The following result files are containing the most relevant information of the result of clustering:

Output 1: [species]__speciesspecnames_clusterassign.txt (tab delimited)
These files contain the result of cluster assaignments with gene IDs, formatted as “gene ID (TAB) cluster ID”.
```
ath_speciesspecnames_clusterassign.txt
mtr_speciesspecnames_clusterassign.txt
(...)
```
Output 2: allspecies_clusterassign_lca_brk.txt (tab delimited)
This file contains the same cluster assignment result but it provides in a table,
where the rows are orthogroup ID or gene ID of the “best” species which was specified by user
and columns are all nodes in the species tree, i.e. all extant and acestral nodes.

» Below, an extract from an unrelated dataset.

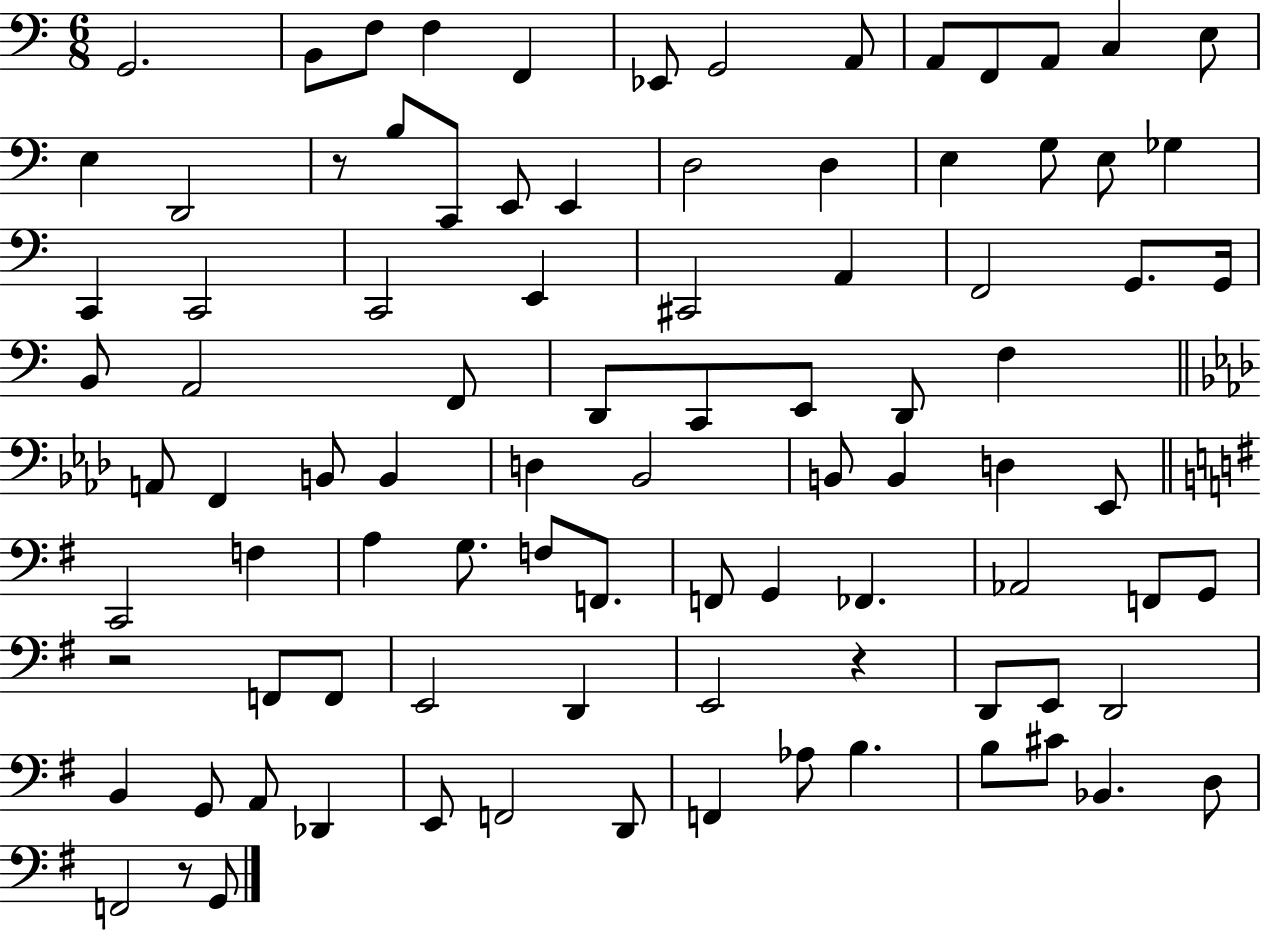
G2/h. B2/e F3/e F3/q F2/q Eb2/e G2/h A2/e A2/e F2/e A2/e C3/q E3/e E3/q D2/h R/e B3/e C2/e E2/e E2/q D3/h D3/q E3/q G3/e E3/e Gb3/q C2/q C2/h C2/h E2/q C#2/h A2/q F2/h G2/e. G2/s B2/e A2/h F2/e D2/e C2/e E2/e D2/e F3/q A2/e F2/q B2/e B2/q D3/q Bb2/h B2/e B2/q D3/q Eb2/e C2/h F3/q A3/q G3/e. F3/e F2/e. F2/e G2/q FES2/q. Ab2/h F2/e G2/e R/h F2/e F2/e E2/h D2/q E2/h R/q D2/e E2/e D2/h B2/q G2/e A2/e Db2/q E2/e F2/h D2/e F2/q Ab3/e B3/q. B3/e C#4/e Bb2/q. D3/e F2/h R/e G2/e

This file has specific aspects in the table:
- Meaning of the element values: each element vlaue of the table corresponds to the cluster assignment of each species (column) and ancestor. Negative values are exhibiting “missing” elements with reasoning, where “-1” means “missing of expression value” and “-2” means “missing of gene in the phylogeny (i.e. no ortholog gene in the gene tree)”.
- Ordering of the table and the “Dummy” lines: the table is sorted by the cluster assignment of Ancestor1 (root ancestor of the tree; positioned at the last column of the table). Dummy lines are the separators of different cluster assignments between two group of Ancestor1 clusters.